Unter dem Titel "Anonymos Rex" konnte ich mir gar nichts vorstellen und die ersten gelesenen Seiten verwirrten mich zusätzlich. Da erzählt ein Detektiv von seinem aktuellen Beschattungsjob und dass er "auf Basilikum" ist, das erst einen Glimmer verursacht und dann ordentlich knallt ???!!!

Wenig später erschliesst sich mir: ich bin an einen Fantasyroman geraten! Die Dinosaurier sind vor Millionen von Jahren nicht ausgestorben, sondern haben sich der menschlichen Lebensform angepasst. Sie sind kleiner geworden, haben sich dem menschlichen Denken angepasst und gelernt sich unbemerkt in der menschlichen Gesellschaft zurecht zu finden. Mit aufwändigen Kostuemen und Masken aus Latex, mit Gurten und Schnallen quetschen sie sich in menschliche Formen und leben unbemerkt unter den Homo Sapiens. Als Erbe ihrer Gattung sind sie besonders stark und haben hoch entwickelte Sinne und Instinkte.

Der Held des Romans ist ein Velociraptor namens Vincent Rubio. Ein auf dem absteigenden Ast befindlicher Detektiv, ein absoluter Loser, der einen letzten Auftrag von seinem Chef erhält, nachdem er zuvor mit einem Auftrag kläglich gescheitert ist und den Tod seines besten Freundes zu verantworten hat.
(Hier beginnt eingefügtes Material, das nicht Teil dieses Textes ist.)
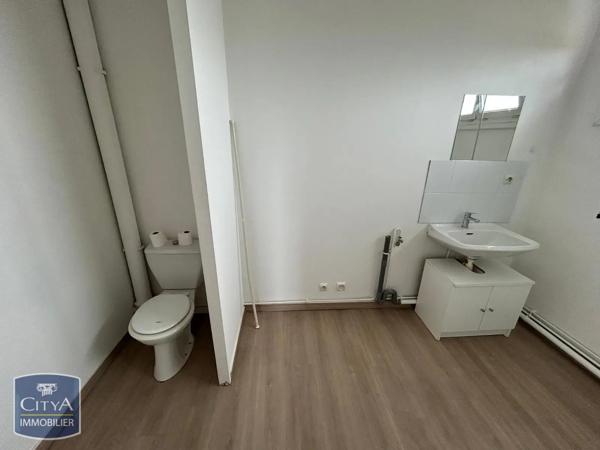 Appartement à louer 2 pièces 54m² Cholet (49300)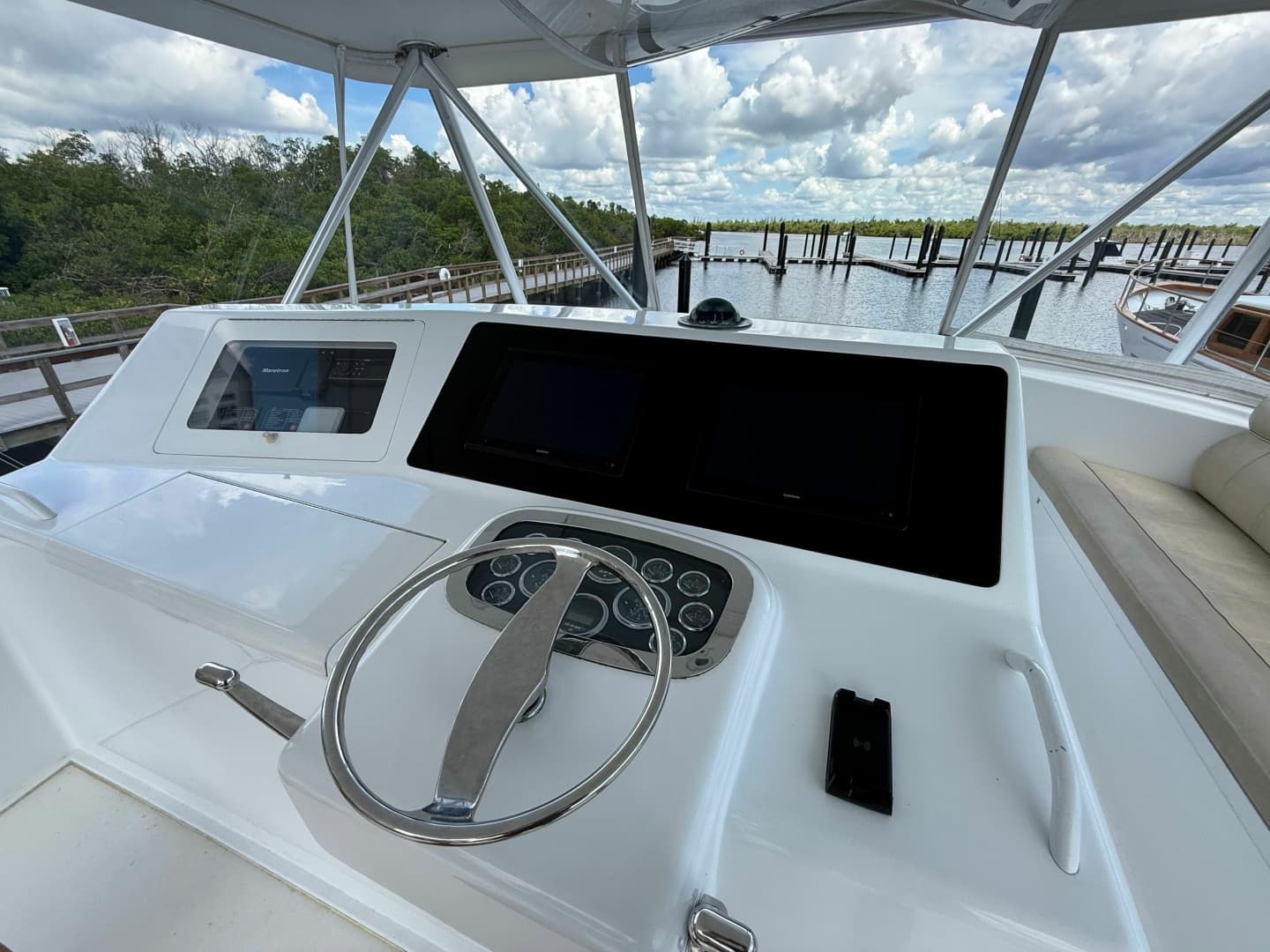 2002 Viking 52 Convertible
Nicht ganz Ernst zu nehmen, schrullig, amuesant und skurril wird ein Skandal ausserordentlichen Ausmasses aufgedeckt, der die moralischen Empfindungen der Dinowelt erschuettert. Unter Einsatz seines Lebens ermittelt Rubio in Los Angeles und New York und trifft dabei auf verlogene Menschen, sinnenfreudige Saurier, ruecksichtslose Wissenschaftler und verfuehrerische Frauen.

Jurassic Park mal anders 😃 Ermittlungen in der Dinosaurier Unterwelt, Scharaden, tödliche Begegnungen, gefährliche Spurensuche und Verfolgungsjagden machen das Buch unterhaltsam und spannend und auch eine humorvolle Komponente kommt nicht zu kurz. Es ist kurzweilig und die 300 Seiten lesen sich schnell weg. 

Mir hat die Lektuere Spass gemacht. Wer nicht alles bierernst nimmt und einfach mal "just for fun" eine verrueckte Geschichte lesen will, der sollte sich an diesen Roman heranwagen. Habe uebrigens gerade herausgefunden, dass er verfilmt wurde 😮

Samstag, 4. März 2017

A little life/ Ein bisschen Leben von Hanya Yanagihara

Wer sich nicht vor dicken Buechern fuerchtet, seine Nervenstärke austesten möchte und sprachliche Gewandtheit (hoffentlich auch in der deutschen Uebersetzung, ich habe das englische Original gelesen) liebt, der sollte dieses Buch der Newcomerin Hanya Yanagihara nicht verpassen. Auf immerhin 720 Seiten jagt uns die Autorin durch das "bisschen Leben", dass so viele Tiefen, so viele Wendungen und so ein furioses Ende hat, dass man sich am Ende selbst fuehlt, als sei ein viel zu kurzes Leben zu Ende gegangen. Trotz des grossen Leseumfanges hielt ich das Buch nach dem Durchlesen in der Hand und fuehlte eine Leere, wie selten in solch einem Moment. Nach kurzem Ueberlegen fing ich von vorne an zu lesen. Das konnte doch nicht alles einfach so vorbei sein!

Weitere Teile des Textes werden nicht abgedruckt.